The Question of Canon: Challenging the Status Quo in the New Testament Debate
Today, if someone wanted to take a class on the history of Christianity from a public university or a private college, one might think that the class curriculum would endeavor to accurately represent early Christianity by giving early Christian writers a voice through New Testament readings. Unfortunately, a late 19th and early 20th century interpretive framework is all too often foisted upon Christianity, reinterpreting the Bible from a naturalistic perspective or in today’s language, a progressive interpretation.

A naturalistic perspective begins with a humanistic emphasis focused on interpreting the New Testament as a product of man’s thoughts about God. In other words, progressives use a naturalistic presupposition to argue that the Bible is man’s interpretation of God, while Christianity asserts from the Bible’s self-claim that Scripture is God’s interpretation of man. For naturalism, the Bible as God’s Word is off limits, even if that is the very message the Bible is asserting.
The progressive view of Christianity teaches that Christianity survived because it was the fittest; that is, the books of the New Testament are a product of the elite, later, more powerful Christendom, which suppressed the voice of the Christian minority represented throughout the 2nd century of Christianity. Ignoring the voices of the New Testament apostles, progressives begin with the presupposition that this later Christendom formulated and canonized the Bible to suppress the voices of the minority, like the authors of the gospel of Thomas or the gospel of Judas.
By presupposing naturalism and asserting a late date, progressives are able to include the voices of those that early Christianity had excluded as heretics, like the gnostic writings. Today’s progressives flip the tables so that the writings that were condemned by orthodox Christianity as heretical are now portrayed as the true voice of Christianity and orthodox Christianity is condemned as elite suppressors of the voice of the Christian minority.
The so-called Christian diversity (the heretics according to orthodox Christianity) are being used by the progressives to suppress the earlier, united voice of orthodox Christianity (for the argument goes that the New Testament writers’ voices are off limits for it is the product of the suppressors). Dizzying logic, I know.
During the early to mid 1900s when this progressive or liberal Christianity began to seep into the seminaries and churches of America from the institutions of Europe, J. Gresham Machen and Geerhardus Vos began to write to warn the Church of this new liberal Christianity that was being promoted. For Vos and Machen, wolves had crept into the community to represent Christianity dressed as sheep with a Christ-less Christianity.
So, we introduce Michael Kruger and his book Question of Canon. While Machen and Vos wrote for the 20th century Christian reader, Kruger writes for the reader of the 21st century. In his books, he interacts with the progressive arguments recycled by present authors such as Bart Ehrman.
Kruger argues for what he calls an intrinsic model. Rather than a model that purports the idea that something is imposed on Christianity from outside later influences (a strictly external model), Kruger observes that the New Testament and the Early Church writings demonstrate an intrinsic model, that is, the Christian books of the New Testament developed organically from within early Christianity itself.
Kruger highlights a number of presuppositions the progressive interpreter assumes to be true.
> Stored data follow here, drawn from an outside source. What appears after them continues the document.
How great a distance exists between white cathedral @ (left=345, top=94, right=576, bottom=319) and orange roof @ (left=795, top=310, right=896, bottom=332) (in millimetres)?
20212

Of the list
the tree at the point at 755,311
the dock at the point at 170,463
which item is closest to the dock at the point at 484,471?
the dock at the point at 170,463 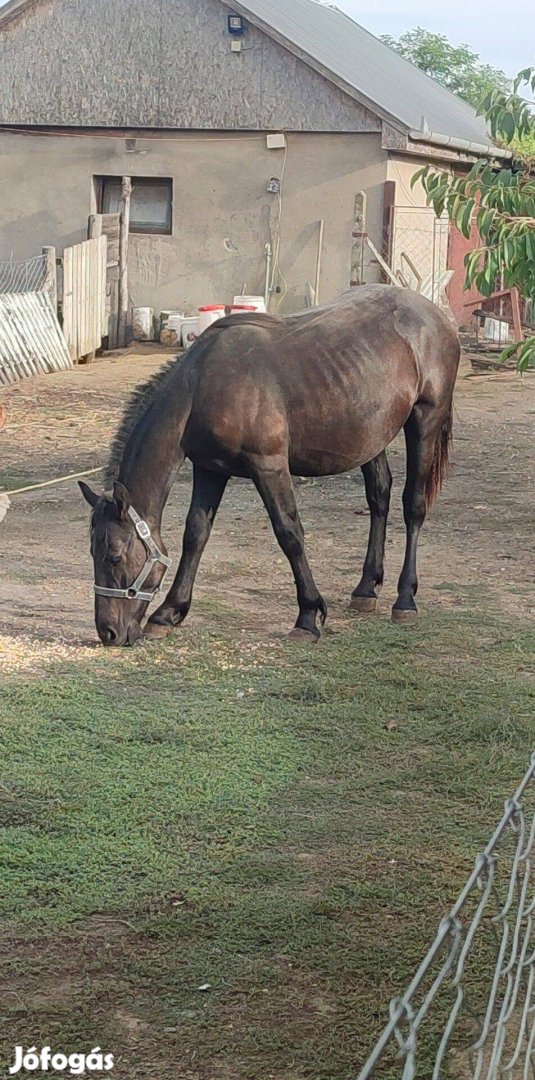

The progressive must assert of primary importance that Scripture is not recognized as canon until later Christendom. A late date is important to their argument so that they can allow for the diversity required to include heretical writings in the Christian family. Once writings that early orthodox Christianity rejected as non-Scriptural and heretical are included as a part of the family of Christendom, the progressive argument employs the principle of diversification against the unified message of orthodox Christianity, particularly, the Gnostic teachings that reject the New Testament teaching on the deity and humanity of Christ, the nature of sin, the Creator and creature distinction, justification through faith alone in Christ alone, the resurrection, and so on.
Furthermore, progressives need a late date to assert that Scripture was passed down orally, not written, to allow for an evolutionary or progressive development of the books of the Bible. Finally, the progressive argument must deny that the authors of the New Testament wrote with an understanding of the authority they bore in the name of Christ. In other words, the progressive argument stands on the presupposition that the New Testament writers did not conceive of their writings as authoritative.
Kruger draws from the New Testament writings (the Holy Scriptures) and the non-Scriptural writings of the early church to demonstrate that early orthodox Christianity distinguished itself from the outliers, the heretics who claimed to be Christian. He cites numerous apostolic claims to make the assertion that the New Testament authors wrote about their own Christ-endowed authority.
Kruger quotes the early orthodox church fathers (as opposed to heretical cults) who recognized the New Testament writers’ self-claimed authority. He observes from the apostles’ writings that Scripture was passed on in a written form from church to church to be read and preached. Finally, he documents the history of the early Christian church as having received Scripture as God’s Word because of its self-claimed apostolic authority.
Thus, Christ’s authority through the apostles was inherent to the writings themselves rather than foisted on them by later Christendom. In other words, when the apostles wrote Scripture, it is God’s Word, for Scripture is by its very character, God’s Word. Thus, God’s Word calls into being the saved community, the Church. It is not the church that calls into being God’s Word.